Reliable performance of RABIT framework. (A) All TFs are classified into three categories by NCI cancer index. The category “Zero” includes all TFs with zero index value. We then ranked the rest of the TFs by their NCI cancer indices and assigned the top half to the “High” category and the lower half to the “Low” category. For each category, we plotted the percentage of tumors with target genes differentially regulated and averaged across all cancer types. The bottom and top of the boxes are the 25th and 75th percentiles (interquartile range). Whiskers on the top and bottom represent the maximum and minimum data points within the range represented by 1.5 times the interquartile range. The P value is computed by the Spearman’s rank correlation test. (B) As the gold standard of cancer-associated TFs, we took TFs annotated as cancer-related in at least two out of four cancer gene databases (NCI Cancer Index, Bushman, COSMIC, and CCGD). The performance of identifying cancer-related TFs is compared among several methods, and the areas under the ROC curve of each method are plotted. (C) For cell lines K562 and HL60, there are gene expression-profiling data profiled by ENCODE and genome-wide CRISPR-screening data available from previous studies. We applied RABIT to infer the TF regulatory impact in shaping the expression patterns in each cell line. The Spearman’s rank correlations between the TF regulatory activity scores and the CRISPR-screening scores are calculated, and the P values of the correlation test are attached after each correlation ratio. The result is shown for the K562 cell. (D) The CRISPR correlation result is shown for the HL60 cell.

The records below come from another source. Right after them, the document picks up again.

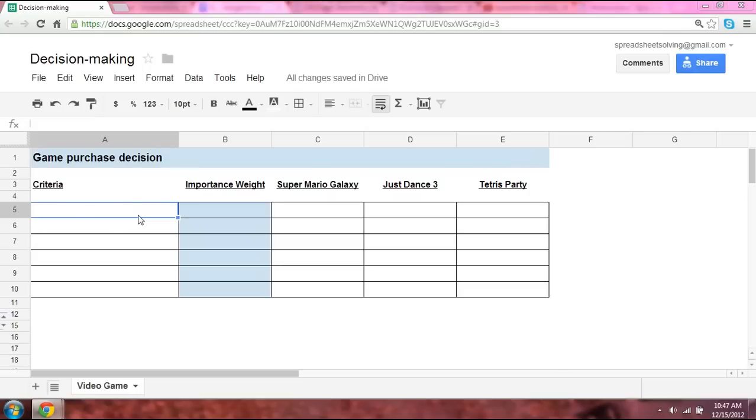Welcome to Spreadsheet Solving. Let's take a look at a pretty neat application of Google Spreadsheets. Spreadsheets can help you make better decisions.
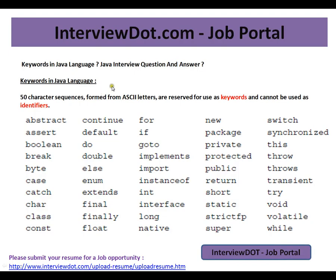Hi, this video is from interview.com. Interview.com is a job portal — if you're looking for a job, you can post your resume with us. In this video, I'm going to talk about keywords in the Java language.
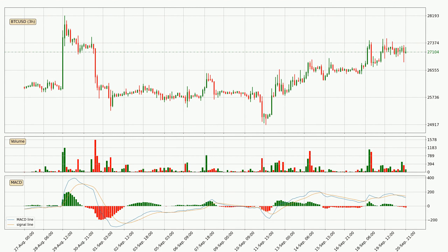Generally, the bigger timeframes have a bigger impact on the price, so please keep that in mind when we show different timeframes showing contrasting indicators. Also, the shorter timeframes are only representative for short-term trading.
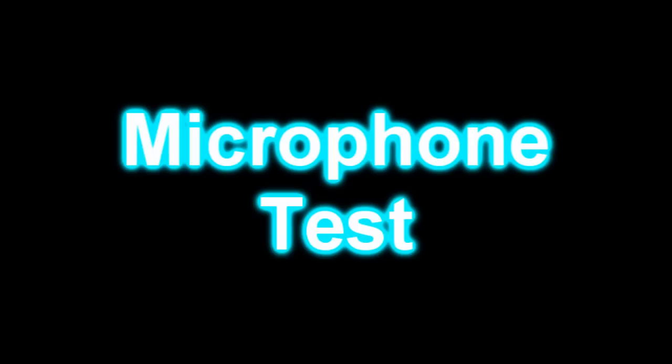But anyways, hope you guys enjoyed the video. Hope this helped. Like I said you can use this for Skype, or if you're starting out commentating, making YouTube videos, this would be perfect. So I'll see you guys later.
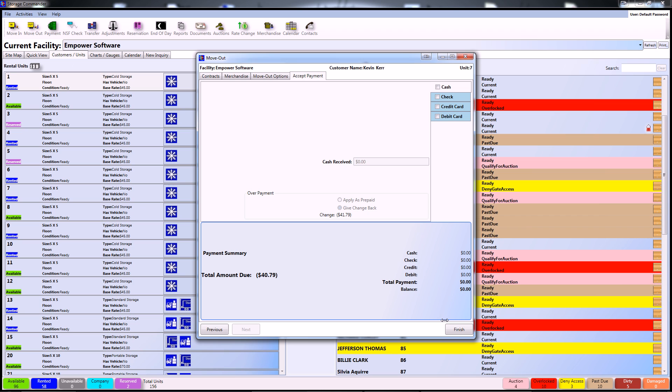Either way, pressing Finish will end the process. This is how you complete a basic move-out using Storage Commander's program. If you'd like to see more instructional videos on Storage Commander, please subscribe to our YouTube channel or visit our website at www.storagecommander.com.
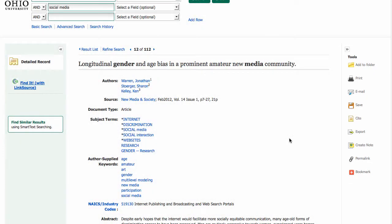So that's been a quick look at finding scholarly research articles on media topics. If you have any questions or can't find the articles that you need, be sure to get in touch and let me know how I can help.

Because our predicted TF cancer relevance is highly consistent with the annotations from cancer gene databases, we use the knowledge from these databases as the gold standard to compare RABIT performance with several other methods. The gold-standard positive set is defined as TFs annotated as cancer-associated in at least two out of four cancer gene databases described above, and the negative set is defined as the rest of the TFs. Using receiver-operating characteristic (ROC) curve and precision-recall (PR) curve, we compared the ability of predicting cancer-associated TFs among several methods (details provided in in SI Appendix, SI Methods). RABIT has the largest area under curve (AUC) among all methods (Fig. 3B and SI Appendix, Fig. S8 B and C). The second-best methods are LAR and LASSO, which are very popular regression-based feature selection algorithms (31, 32). Because the first two steps of RABIT framework (without step 3) also composed a general feature selection algorithm (Fig. 1B), we compared among RABIT, LAR, and LASSO on the performance of feature selection. Using each algorithm, we select the top 10 most significant TFs to predict the tumor gene expression patterns. RABIT achieved better cross-validation error and shorter running time than LAR and LASSO in all cases tested (SI Appendix, Fig. S9).

To check whether RABIT can accurately identify important TFs in a condition studied, we compared the RABIT results with the growth phenotypes after TF knockout in cell lines. There are two recent works of genome-wide CRISPR screening in K562 cell and HL60 cell (33, 34). In a screening experiment, each gene is assigned a score to represent whether the cell growth rate is affected after knocking out that gene. The ENCODE project also generated gene expression profiles for K562 and HL60, and we applied RABIT to identify TFs that shape the gene expression patterns in these cell lines. We found that for TFs selected by RABIT, the TF regulatory activity scores are significantly negatively correlated with the TF gene CRISPR screening scores (Fig. 3 C and D). This means if RABIT assigns a TF as highly active, knocking out that TF will significantly slow down the cell growth.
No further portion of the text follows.